Confidence across the NSW property and construction sector has taken its sharpest hit in years, according to the latest Procore/Property Council Industry Sentiment Survey.
The state's index fell from 109 to 89 points in the June quarter — dropping below the neutral 100 mark and now sitting under the national reading of 92. It was the steepest quarterly decline of any state or territory surveyed.
Property Council NSW executive director Katie Stevenson (pictured) said the scale of the shift stood out.
"NSW confidence has moved from positive territory to below neutral in a single quarter," Stevenson said, adding that the survey — run between 1 and 17 June, ahead of the NSW budget — captured a period when businesses were already contending with elevated rate expectations and tightening finance conditions.
By comparison, Queensland and South Australia held firm at 120, and Western Australia at 112, while Victoria lagged badly at around 67. Staffing intentions, work pipelines and capital growth expectations all softened across NSW, with residential expectations weakening in every market surveyed.

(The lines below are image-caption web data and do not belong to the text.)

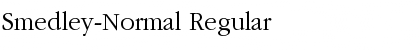 Download Smedley-Normal Regular Font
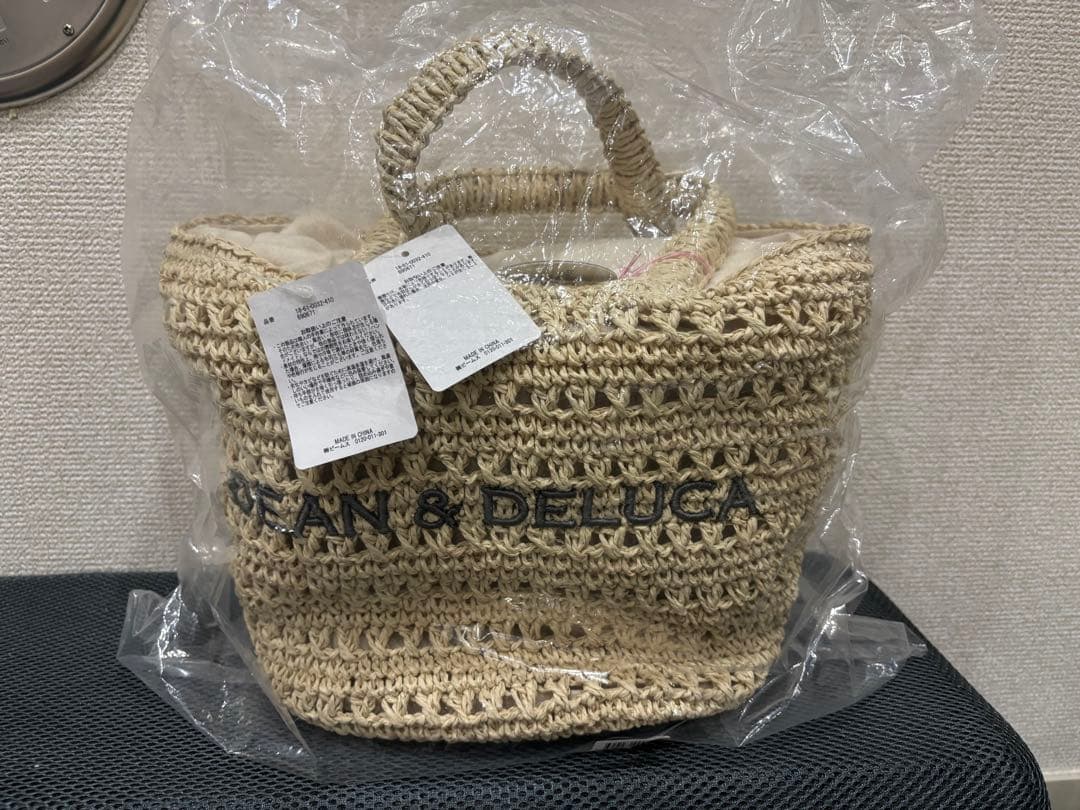 DEAN & DELUCA BEAMS クロッシェバスケットバック ナチュラルS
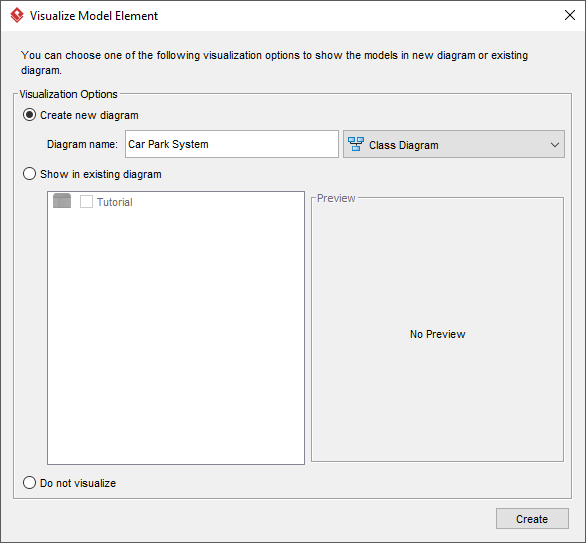 Visualize classes into class diagram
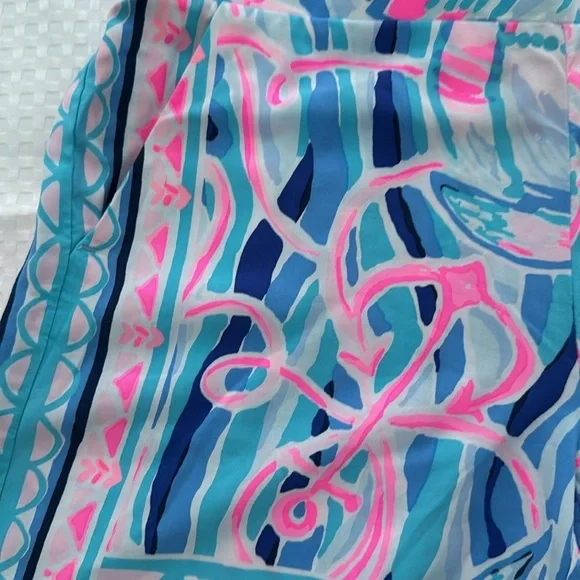 Lilly Pulitzer Neilah Shorts in Skim Blue Reel, XXS - Picture 5 of 9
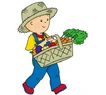 Caillou as a farmer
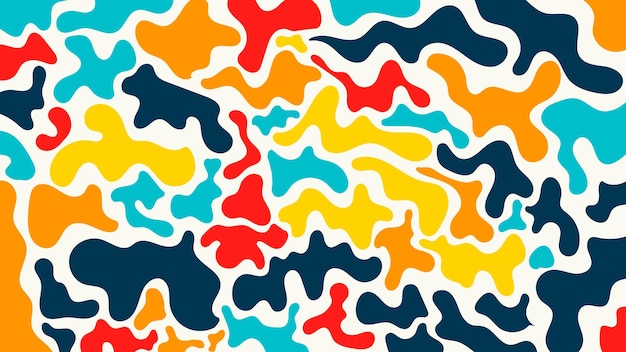Playful Abstract Background with Vibrant Colors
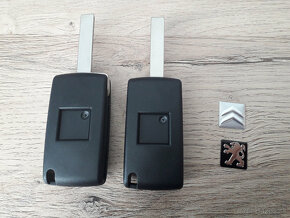 Kľúč Peugeot Citroen 2-3 tlačítkový - 2
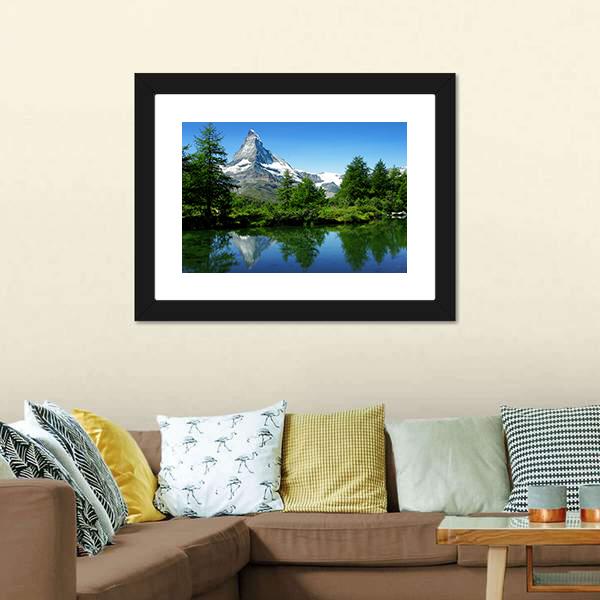 Matterhorn Switzerland Canvas Wall Art-3 Horizontal-Gallery Wrap-25" x 16"-Tiaracle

Stevenson said the underlying issue isn't a lack of buyer or occupier demand, but the economics of getting projects across the line.
"Demand is still there, but the conditions required to turn that demand into delivery remain under pressure," she said.
That pressure is compounding, with survey respondents also flagging debt finance availability as a growing constraint on project feasibility.
Last week's NSW budget offered some targeted relief for build-to-rent and retirement living financing, but Stevenson doesn't expect it to shift sentiment quickly.
The incoming Development Coordination Authority, starting 1 July, was flagged as a useful step on planning delays, though she cautioned it won't be enough alone: "Streamlining coordination is a positive step, but unless cost pressures and financing constraints are also addressed, it won't be enough on its own to shift sentiment in the near term."
NSW is not yet building or approving homes at the pace required to meet its National Housing Accord commitment. NSW is on track to deliver only around 258,000 of its 376,000-home Accord target — a 31% shortfall. Closing that gap, Stevenson said, will require NSW's completion rate to roughly double from current levels, which is why feasibility, planning coordination and cost pressures matter so much.
For brokers, weaker feasibility and financing appetite among developers points to slower new-supply pipelines feeding through over the medium term — a factor worth flagging in conversations with property investors and clients tracking construction lending conditions.